Various Artists – Silberland Vol 2 – The Driving Side Of Kosmische Musik 1974-1984
Druga część archiwalnego zbioru nagrań niemieckich elektronicznych innowatorów. Industrial kraut, elektro punk, techno pop w wykonaniu znanych bardziej i mniej. Na pokładzie m.in. Grosskopf, Cluster, Schnitzler, Moebius, Plank, Faust, Roedelius.
Protomartyr – Formal Growth in the Desert
Emocjonalny pocisk prosto w serce. Od krytyki techno – kapitalizmu, przez zmagania z nieuchronnością straty aż po próbę odnalezienia radości w życiu, które jednak trwa.
HMLTD – The Worm
Progresywny pop? Punkowy musical? Jazzujący metal? Płyta łącząca wszystkie style i pozostająca poza nimi. Koncept album o pokonywaniu depresji, przedstawionym jako walka z mitycznym Robalem pustoszącym średniowieczną Anglię. Muzyka nieprzewidywalna.
Cinemon – Supercharged
Ostre i ekspresyjne, ale bardzo melodyjne, grunge’owe zadziory i energetyczne rockowe ballady. Okazuje się, że na terenie, na którym już wszystko zostało odkryte, nadal można grać świeżą i porywającą muzykę.
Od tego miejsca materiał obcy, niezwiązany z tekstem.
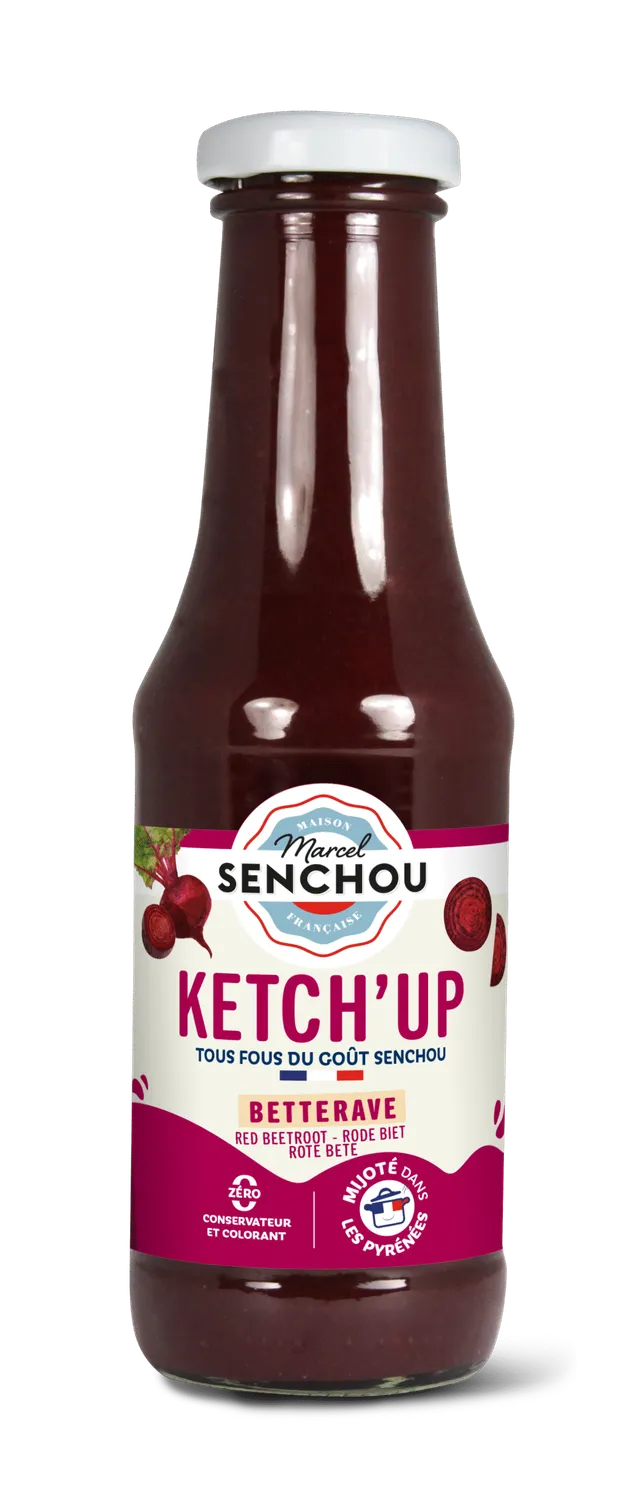 senchou-les-plus-fous-pur-ketch-up-betterave-ketchup-violet image 1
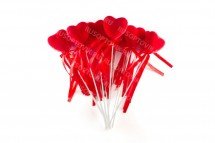 Декоративное красное сердце маленькое 12 шт оптом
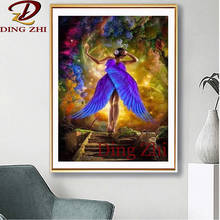 DIY Abstract 5D Diamond Painting Fantasy Angel Wings Girl Home Decor Gift Cross Stitch Embroidery Full Square Round Drill Mosaic 2024 - buy cheap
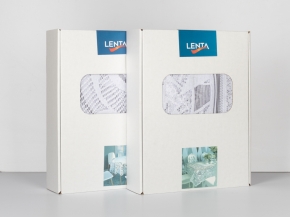 Д221АБ/кор. СКАТЕРТЬ ДЕКОРАТИВНАЯ 2775  бел.с яр-серым 2.35 м*1.60 м рис. Д221АБ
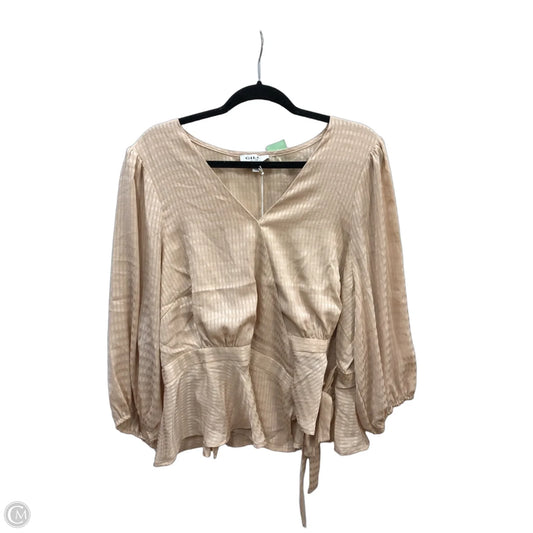 Blouse Long Sleeve By Gilli In Gold, Size: 3x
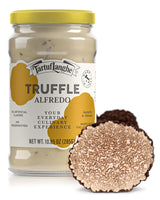 TartufLanghe Black Truffle Alfredo Sauce - Creamy Pasta Sauce with Parmigiano Reggiano, Pecorino Romano DOP Cheese, and Summer Black Truffle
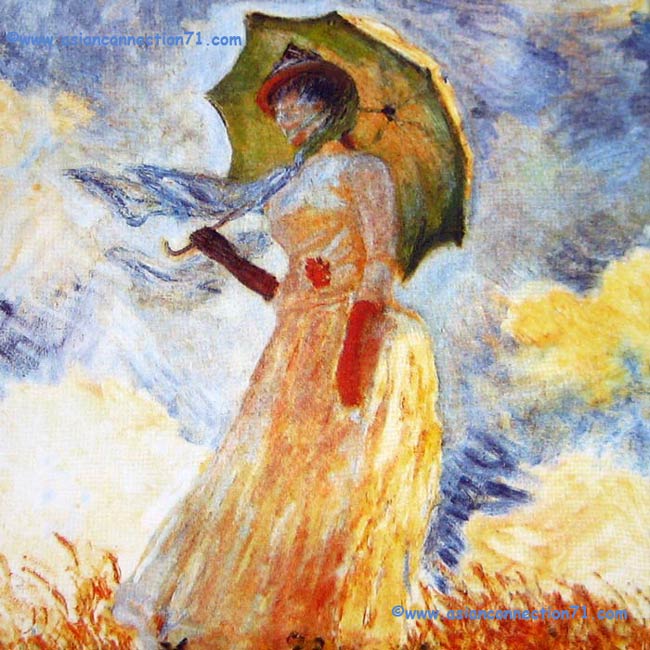 650x650 Monet Woman With Parasol Fine Art Print Long Cotton Wrap Skirt - Monet Painting Woman With Parasol
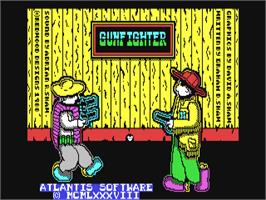 Title screen of Gunfighter (Pooyella) on the Commodore 64.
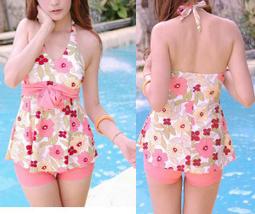 (╭＊莎莎~衣舖子＊編號1040斯漫琪粉黑色泳衣泳裝 ，直購價499元，現+預7-10 歷史價格詳細信息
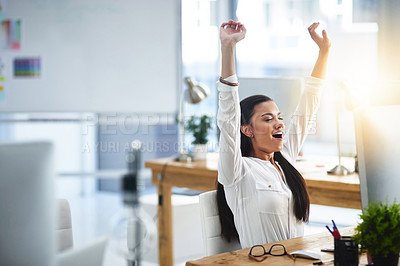 Buy stock photo Yawn, stretching or tired woman with burnout in call center overworked or overwhelmed by telecom deadline. Fatigue, exhausted girl or female sales agent yawning while networking overtime at help desk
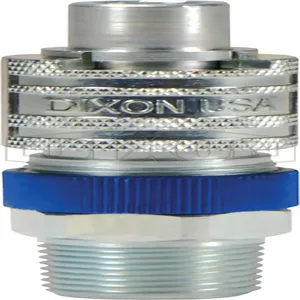 DIXON N4BM6-LS Safety-Lock End Plug, Interchange Male Head x Male Threaded | BX7LLJ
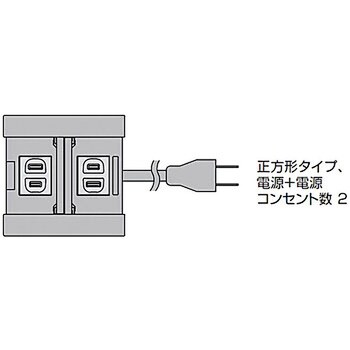 DMS-PP-BL デスクトップマルチタップ DML型、DMS型 1個 スガツネ(LAMP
Ben Folds – What Matters Most
Znakomity pianista, wokalista i songwriter powraca po 8 latach z nową płytą. To nadal chamber pop wysokiej próby.
Lanterns on the Lake – Versions Of Us
Nominowana do Mercury Prize, grupa Lanterns On The Lake prezentuje
nowy album, “Versions Of Us”
Josephine Foster – Domestic Sphere
Melancholijne, minimalistyczne pieśni – rozmowy z duchami. Miauczące koty, skrzypiące drzwi, grające świerszcze, śpiewające ptaki, odgłosy otoczenia, gitara elektryczna i głos. To leniwie snująca się muzyka o niezwykłej sile przyciągania.
a world wondered full – Would You Wait For Something Never To Come?
Czy czekałbyś na coś, co nigdy nie nadejdzie? Zespół z Tajlandii, poruszający się na pograniczu jazzu, folku, muzyki kameralnej, postrocka, buduje plastyczne tło do rozmyślań o godności i tożsamości.
Sparks – The Girl Is Crying In Her Latte
Kiedy już było pewne, że prawie wszystkie najlepsze piosenki powstały w XX wieku… Bum! Niespodzianka! Amerykański duet Sparks powraca ze swoim 26. albumem – najlepszym od wielu lat.
The Nude Party – Rides On
Psychodeliczna, bluesowo-rockowo-folkowa nostalgia za latami sześćdziesiątymi. Jest tu wszystko, co trzeba: ciepłe, analogowe brzmienie, organy, harmonijka, przeszkadzajki, radość, klaskanie i sialala. Ale przede wszystkim doskonałe melodie, nawiązujące do najlepszych wzorców.